Homily 25th Sunday Ordinary Time Cycle C September 22, 2019

And since all of us are servants, servants for Christ, we cannot serve two masters. Stop trying to perform the impossible, the unreachable, the unattainable, the unwanted situations in life that do great damage to the human soul at the end of the day.

               We cannot serve both God and cheating. We cannot God and greed. We cannot serve God and infidelity. We cannot both God and selfishness. We cannot God and a false human brand of marriage that more and more Christians have no issue with, while God continues to be insulted. We cannot serve both God and Planned Parenthood, as they continue to treat the beautiful gift of human life as easily disposable, and then sell parts of it for a little extra mammon. We cannot serve both God and a sports team, or Sunday morning sports, or yelling at the television. But we can serve God and enjoy any sports in a healthy context.

               This is one of those parables Jesus tells to his disciples where at the end of it, either your head is spinning out of control, trying to figure out exactly what he’s saying, or, there’s a natural understanding in one’s heart that he’s teaching something rather simple. I prefer the simple interpretation. Such as, don’t place your politics and bank accounts beyond the reach of humbly kneeling before a merciful God who desires our prayer, prudence, and penance, and not our punishment.

               This parable, simply, points to the power of Divine forgiveness and the master’s willingness to let go of some debt owed to him, rather than hold that debt – that sin – against the foolish steward, which we all are at times. The foolishness of acting in a manner that is unworthy of the master’s compassion is reversed by the steward – us – acting prudently on behalf of the master, and not oneself.

This parable is like a semi-conversion story, where the steward realizes he’s in some very deep do-do because of his intentional waywardness. The line in the sand has been crossed. The wall has been hit hard. He’s in trouble, and he knows there’s no place where he can go that will take him beyond the reach of God. There’s nowhere in this created world, even to the farthest ends of the universe, where God will not see us. Beautiful Psalm 139. Read it please. “O where can I go from your spirit, or where can I flee from your face? If I climb to the heavens you are there. If I lie in the grave you are there.”

               The steward has nowhere to go. Nowhere to hide form the Master, the Savior. And neither do we. So the steward’s best bet, coming to his senses like the Prodigal Son, is to give in, somewhat. It reminds of St. Augustine’s famous quip, “Lord, make me chaste, but not yet.” The steward becomes prudent instead of greedy; In his fear he says, “I’ll do something in favor of my master instead of against him before my master does something to me. I’ll beat him to the punch, and hopefully avoid his punch.”

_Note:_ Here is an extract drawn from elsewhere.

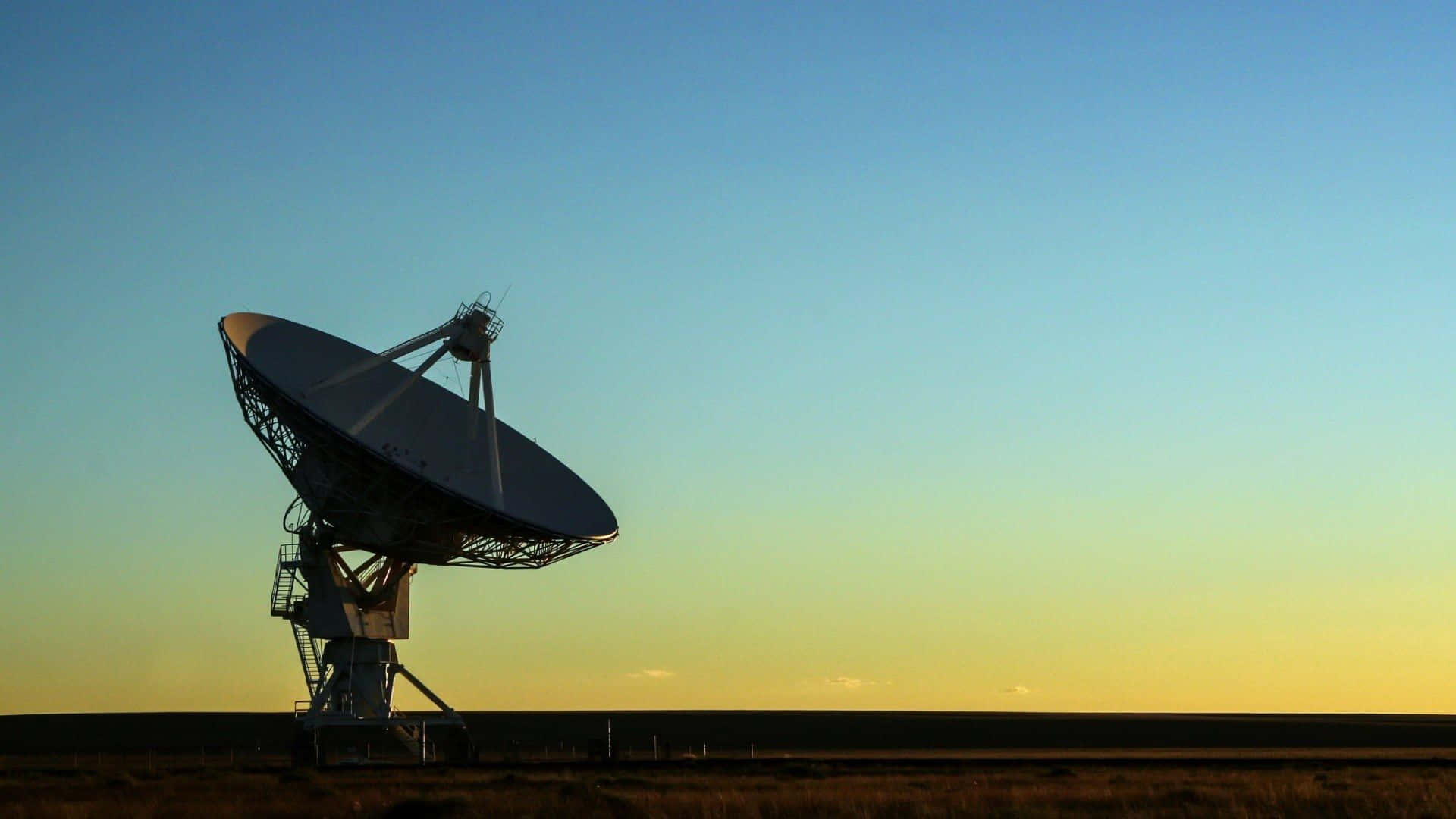 Radio Telescope 桌布 壁紙 — 一個大型無線電望遠鏡在日落時分，以漸變天空為背景，在平坦的沙漠景觀上呈現剪影。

               The good news is the turning away, at least momentarily, from serving himself in greed, and serving the goodness of his master. I suspect that’s a continuous temptation for many of us…where the blessings and the temptations of a passing world can override being a faithful, humble servant to Christ on his terms. And representing our Lord with truth and accuracy. Prudent acts are required on our part, be they spiritual or physical, to allow God’s grace to carry us back to a better place where we stand before the Master.

               Interestingly, the master in the parable admires and commends the semi-conversion of his unfaithful steward. “Here’s your promissory note for 50 measures of olive oil, instead of 100 owed, which is better than zero collected.” You know what that is in the world of eternal thinking? That’s a recipe for Purgatory. The semi-conversion keeps us out of eternal damnation; H-E- Double Hockey Sticks. So the master here is okay – for now – with semi-conversion. The prudent acts of the steward on behalf of the master means the master doesn’t have to wipe out the steward. Because of mercy and compassion.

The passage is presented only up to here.